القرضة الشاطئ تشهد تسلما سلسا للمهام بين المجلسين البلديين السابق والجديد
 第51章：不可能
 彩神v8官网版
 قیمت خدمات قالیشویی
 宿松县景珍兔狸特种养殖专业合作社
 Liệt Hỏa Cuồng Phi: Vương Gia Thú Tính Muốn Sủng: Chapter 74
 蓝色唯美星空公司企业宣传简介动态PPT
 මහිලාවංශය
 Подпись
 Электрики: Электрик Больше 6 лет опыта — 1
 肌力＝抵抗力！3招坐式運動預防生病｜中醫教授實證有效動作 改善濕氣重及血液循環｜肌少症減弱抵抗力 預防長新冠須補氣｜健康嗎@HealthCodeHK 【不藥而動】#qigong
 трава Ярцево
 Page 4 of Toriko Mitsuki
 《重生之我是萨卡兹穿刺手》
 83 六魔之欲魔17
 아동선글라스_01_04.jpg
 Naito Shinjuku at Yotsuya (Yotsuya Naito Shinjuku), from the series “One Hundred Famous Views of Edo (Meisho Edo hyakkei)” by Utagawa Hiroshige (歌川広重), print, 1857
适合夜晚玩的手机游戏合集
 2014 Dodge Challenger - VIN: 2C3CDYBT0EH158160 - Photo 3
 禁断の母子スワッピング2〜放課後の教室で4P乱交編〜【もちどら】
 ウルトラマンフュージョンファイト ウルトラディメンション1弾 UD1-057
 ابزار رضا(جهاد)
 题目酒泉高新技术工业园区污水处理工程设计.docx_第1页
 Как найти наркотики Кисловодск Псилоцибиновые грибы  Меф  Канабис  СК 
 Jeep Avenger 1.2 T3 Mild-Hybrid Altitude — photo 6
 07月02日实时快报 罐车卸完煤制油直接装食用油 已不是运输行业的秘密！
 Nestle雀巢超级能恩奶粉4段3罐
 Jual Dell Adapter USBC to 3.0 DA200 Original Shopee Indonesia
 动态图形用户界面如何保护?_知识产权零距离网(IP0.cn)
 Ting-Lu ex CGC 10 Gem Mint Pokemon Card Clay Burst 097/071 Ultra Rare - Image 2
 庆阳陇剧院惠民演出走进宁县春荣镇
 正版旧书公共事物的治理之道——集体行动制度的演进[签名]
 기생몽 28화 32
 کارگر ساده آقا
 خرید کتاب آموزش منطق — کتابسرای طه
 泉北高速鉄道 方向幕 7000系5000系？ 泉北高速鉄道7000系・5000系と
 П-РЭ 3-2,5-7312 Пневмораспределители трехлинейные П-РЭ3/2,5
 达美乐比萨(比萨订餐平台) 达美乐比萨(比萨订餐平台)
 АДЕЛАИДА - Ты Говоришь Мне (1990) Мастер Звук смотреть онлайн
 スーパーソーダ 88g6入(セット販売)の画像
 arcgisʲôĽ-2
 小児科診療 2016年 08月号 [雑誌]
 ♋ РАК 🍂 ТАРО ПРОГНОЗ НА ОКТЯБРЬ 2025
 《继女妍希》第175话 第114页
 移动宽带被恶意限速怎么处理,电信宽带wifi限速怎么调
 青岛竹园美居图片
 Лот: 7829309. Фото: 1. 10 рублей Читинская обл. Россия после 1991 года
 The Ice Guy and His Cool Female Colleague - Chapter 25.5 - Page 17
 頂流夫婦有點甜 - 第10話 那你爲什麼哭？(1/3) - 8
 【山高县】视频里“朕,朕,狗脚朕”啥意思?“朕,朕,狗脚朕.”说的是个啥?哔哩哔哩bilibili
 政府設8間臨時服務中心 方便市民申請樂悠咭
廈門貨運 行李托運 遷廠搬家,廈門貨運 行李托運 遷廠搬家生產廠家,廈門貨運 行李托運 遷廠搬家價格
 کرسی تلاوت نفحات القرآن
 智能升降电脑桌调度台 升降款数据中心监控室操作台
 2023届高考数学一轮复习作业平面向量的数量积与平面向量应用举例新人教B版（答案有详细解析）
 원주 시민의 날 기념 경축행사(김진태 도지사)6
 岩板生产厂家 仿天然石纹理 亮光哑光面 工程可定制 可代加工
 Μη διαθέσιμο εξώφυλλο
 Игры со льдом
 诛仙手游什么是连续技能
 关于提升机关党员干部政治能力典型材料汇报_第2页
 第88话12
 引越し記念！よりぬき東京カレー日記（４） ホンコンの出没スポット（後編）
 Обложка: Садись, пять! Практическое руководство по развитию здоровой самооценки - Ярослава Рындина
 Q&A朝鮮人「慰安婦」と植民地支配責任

### [PROBLEM STATEMENT]
Where a line of the records includes "Page", copy it.

### [WRITTEN RESPONSE]
 Page 4 of Toriko Mitsuki
 The Ice Guy and His Cool Female Colleague - Chapter 25.5 - Page 17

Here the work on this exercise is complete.